Para aqueles que acompanham a 26ª conferência do clima, em Glasgow, na Escócia, a insistente referência por parte de ativistas ao termo “justiça climática” tem provocado questionamentos.
Afinal, qual relação poderia haver entre justiça —termo que remete à política, ao direito e à economia— e fenômenos da natureza?
A história da filosofia tem nos ensinado que a separação entre ser humano e natureza resulta de uma construção histórica e, portanto, política.
Sua elaboração mais recente tem raízes na modernidade, quando começa a ser gestado o capitalismo, cuja sociabilidade tem como base a troca mercantil, a predominância da exploração do trabalho assalariado e a mercantilização de praticamente todos os aspectos da existência.

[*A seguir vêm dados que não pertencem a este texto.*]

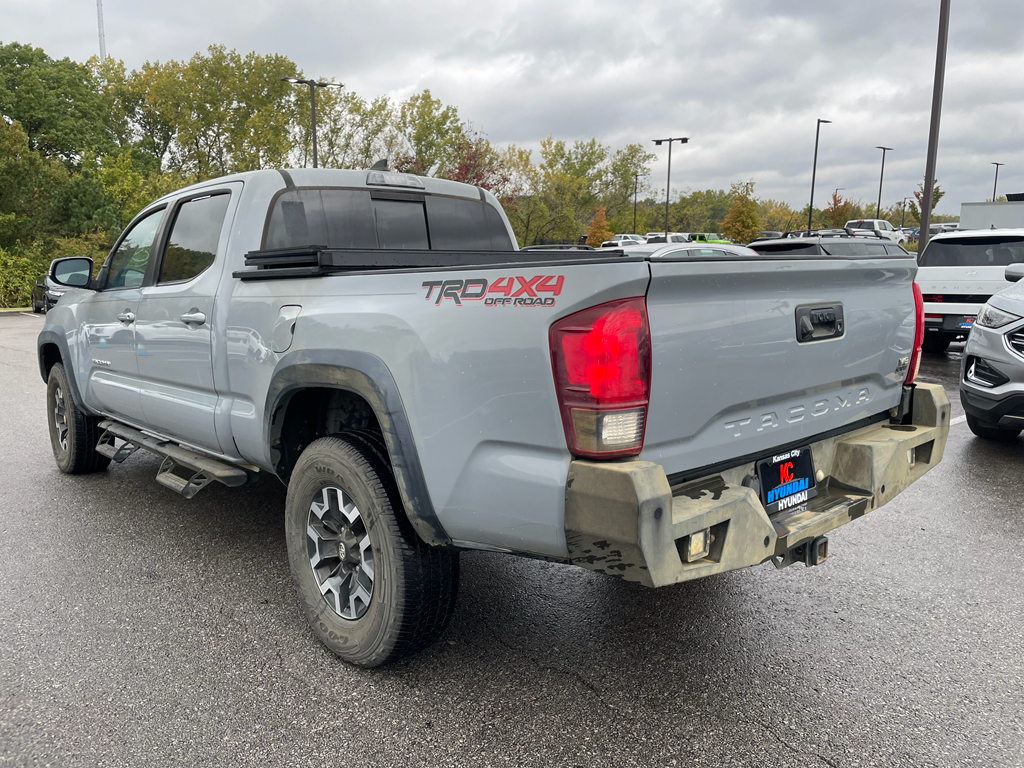 2019 Toyota Tacoma TRD Off-Road photo 3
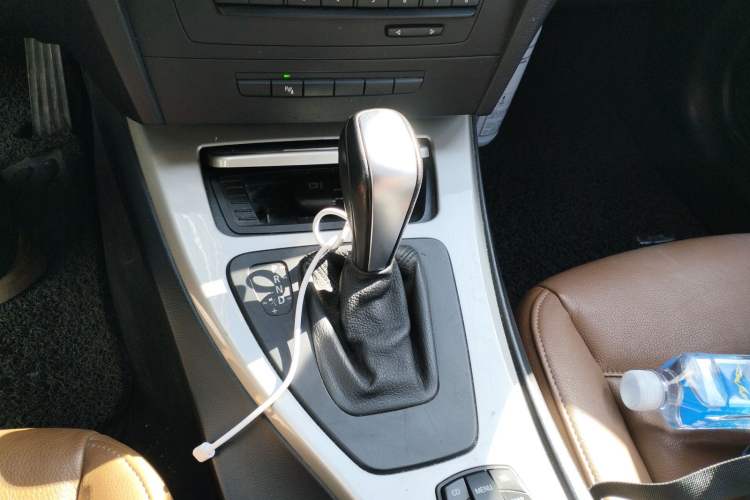 Used BMW 3 Series 2012 320i Luxury Edition Gear Lever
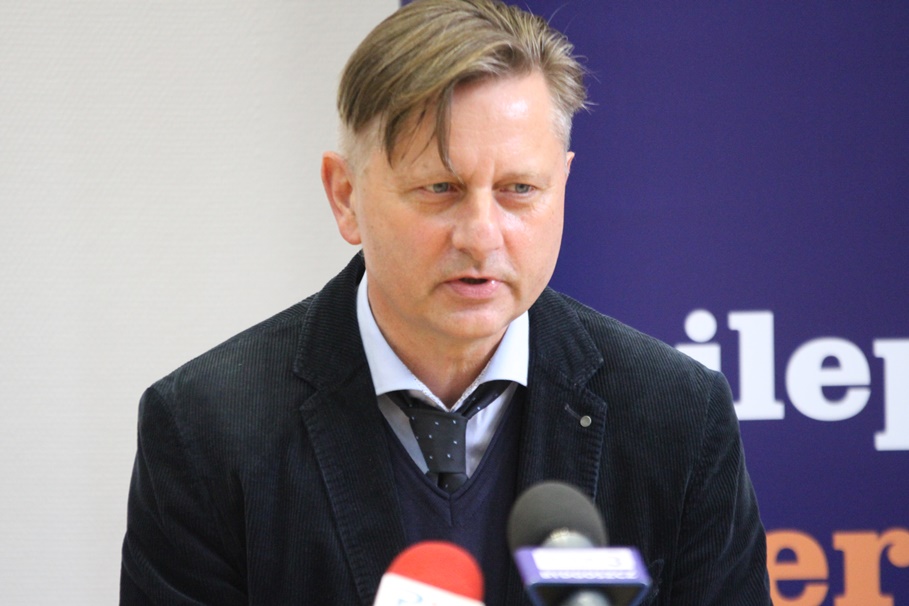 prof. Jacek Woźny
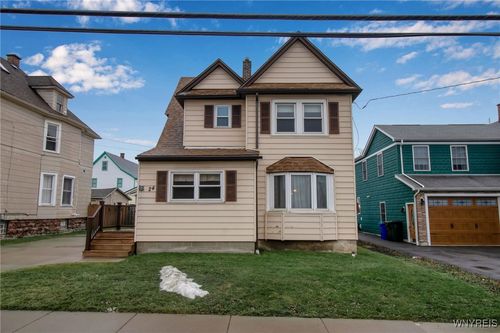 24 Lake Ave, Hamburg, NY, 14219 | Card Image
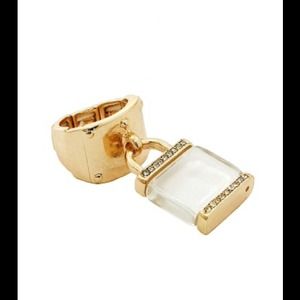 🎁🎋🎉stretch gold ring with lock pad🎁🎋🎉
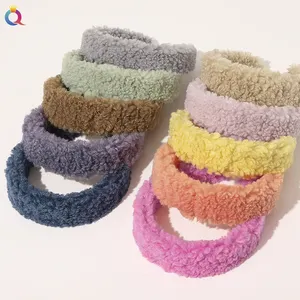 Qiyue-accesorios para el cabello para mujer, bandana de lana de oveja de felpa de lado ancho elegante para niña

Assim, as formas de viver e de pensar não compatíveis com essa sociabilidade são sufocadas, subalternizadas ou mesmo eliminadas.
Como afirmam Adorno e Horkheimer em “Dialética do Esclarecimento”, “o que os homens querem aprender da natureza é como empregá-la para dominar completamente a ela e aos homens. Nada mais importa. Sem a menor consideração consigo mesmo, o esclarecimento eliminou com seu cautério o ultimo resto de sua própria autoconsciência. Só o pensamento que se faz violência a si mesmo é suficientemente duro para destruir os mitos”.
Ailton Krenak, ao se referir aos povos indígenas, afirma que “a modernização jogou essa gente do campo e da floresta para viver em favelas e em periferias, para virar mão de obra em centros urbanos. Essas pessoas foram arrancadas de seus coletivos, de seus lugares de origem, e jogadas nesse liquidificador chamado humanidade”.
Falar de justiça climática, dentre outras coisas, é compreender como a ação destrutiva da humanidade sobre a natureza é uma ação política e que, por isso, provoca efeitos igualmente políticos, tais como o aprofundamento das diversas formas de desigualdade.
A preservação do meio ambiente é a luta pela vida digna das pessoas que habitam o planeta, do mesmo modo que a luta contra a desigualdade torna inafastável a reivindicação pela preservação do meio ambiente.
Os países mais pobres são os mais atingidos pelas consequências das mudanças climáticas provocadas por ações humanas, como desmatamento e emissão de gases poluentes impactam condições de moradia, de alimentação e, em casos de migração, até a locomoção territorial.
E como afirmam Olumide Abimbola, Joshua Kwesi Aikins, Tselane Mkhesi-Wilkinson e Erin Roberts no artigo “Racism and Climate (In) Justice”: “Os países do Norte-Global não estão perseguindo ativamente a meta de 1,5ºC nem estão cumprindo seus compromissos financeiros com os países em desenvolvimento para apoiar a adaptação, bem como os esforços para lidar com as perdas e danos dos impactos das mudanças climáticas e para garantir o acesso a energia de qualidade e acessível para todos”.
Outro fator importante é a relação entre os impactos da degradação ambiental e os fatores de raça e de gênero, tanto em países do centro como da periferia do capitalismo, em que pessoas negras e mulheres são os mais pobres.
Como lembra o professor André Carvalho, da Fundação Getulio Vargas, cidades como Nova Orleans e qualquer bairro pobre e periférico de São Paulo têm em comum, além de populações de maioria negra, a suscetibilidade a chuvas concentradas ou à escassez hídrica.
É possível ver a rotina de desabamento de casas, alagamentos e falta de água nos bairros. E no campo, essa situação afeta a agricultura de subsistência ou os pequenos produtores rurais em razão das secas e da menor previsibilidade climática. Comunidades tradicionais quilombolas ou indígenas também são afetadas por conta de queimadas e escassez de alimentos e de água.
Dados esses fatores, não é de se estranhar a dificuldade de um acordo sobre as medidas a serem adotadas no enfrentamento das mudanças climáticas.
Ações necessárias para mitigar os efeitos das mudanças climáticas não se reduzem ao plano moral; dependem de transformações no nível da economia política. O dilema é que estamos diante da duríssima realidade de que a destruição do meio ambiente está em conexão com a reprodução das formas sociais do capitalismo, cuja racionalidade não leva em conta a possível eliminação da vida na terra.